System of Equations - Question Help (Uni level)

Hi there would really appreciate any help on this question. I have no idea how to do it...i have a feeling you need to reduce the equations using gaussian method or guass jordan (not quite sure what the difference is between the two) but any suggestions would be so helpful!! Panicking because my exam is so soon.

Question

Consider the following set of linear equations:

- x + y + 2z = 2

x + 0y + az = -1

ax + 3y + 10z = 7

Find for which value of the parameter "a" will the system have:

1) exactly one solution
2) many solutions
3) no solutions

B) Find the solution space for the case where there are many solutions.

Thanks so much! any help would be really appreciated :smile:

Reply 1

DFranklin

Despite what you've said about "uni level", in practice it's hard to do better here than to solve this by "A-level" methods.

That is, try to solve the simultaneous equations, there will be times when you want to divide; when you do so, you need to think about whether what you are dividing by could be 0, and if so, whether this leads to no solutions (because you end up with something like 0x = 1), or infinite solutions (because you end up with something like 0x = 0).

Reply 2

FireGarden

If you rewrite your equations as a single matrix equation, take the coefficient matrix and find the values of a that make the matrix non-singular. These values of a are the ones that give only one solution.

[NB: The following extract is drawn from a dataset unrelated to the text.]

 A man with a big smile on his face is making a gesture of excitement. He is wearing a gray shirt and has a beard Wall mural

Likewise, values of a that make the coefficient matrix 0 mean the system has either no or infinitely many solutions.. but I'm not sure how to tell them apart.

Reply 3

div curl F = 0

Original post by FireGarden

Likewise, values of a that make the coefficient matrix 0 mean the system has either no or infinitely many solutions.. but I'm not sure how to tell them apart.

Under these circumstances you have to calculate the "values" of x, y and z. For instance, if you put your value of "a" into the system of equations, you'll only end up with two distinct equations at most (the degeneracy in the equations is the reason why the determinant is zero). An example of these equations would be

x + z = 3, \;\; y - z = 2.

Here we can choose any value we please for z, say:

z = k \in \mathbb{R}

. This then fixes the allowed values of x and y, i.e.

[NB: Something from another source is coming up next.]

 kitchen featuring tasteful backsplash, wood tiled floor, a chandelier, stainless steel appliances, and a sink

x = 3 - k , \;\; y = 2 + k

, and leads to infinitely many valid solutions.

Reply 4

DFranklin

Original post by FireGarden

For those cases, you essentially need to do what I suggested (or at least, that is how I was taught).

In other words if you only need to tell whether or not there's a unique solution, by all means use matrix or determinant methods.

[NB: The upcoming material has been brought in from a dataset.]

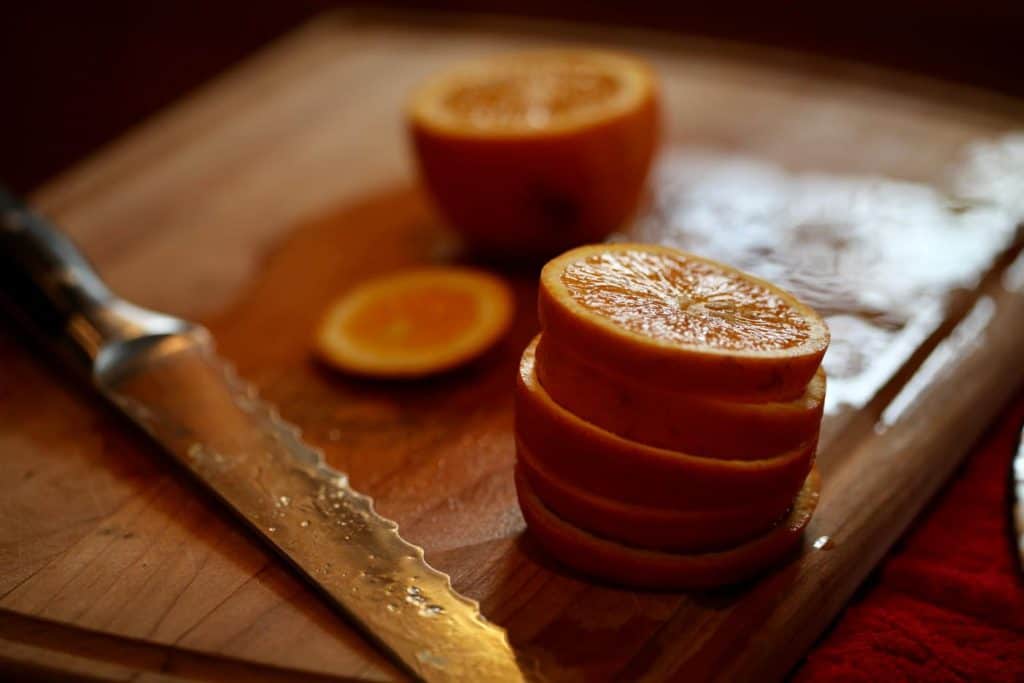 sliced oranges and a knife on a cutting board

But if (in the singular case) you need to tell whether there are 0 or infinite solutions, you're going to end up solving the equations by hand (for that case) anyhow, so you might as well just do that in the first place.

Reply 5

guy_231

thanks guys! yeah it definitely has to be turned into a matrix and then reduced. ill give it a go!

Reply 6

DFranklin

Original post by guy_231

thanks guys! yeah it definitely has to be turned into a matrix and then reduced. ill give it a go!

I do love it when people ignore every word I say because it doesn't tally with what they want to hear.

FWIW, the method I suggest is the one recommended to me by the Cambridge Tripos Chief Examiner, back in the day.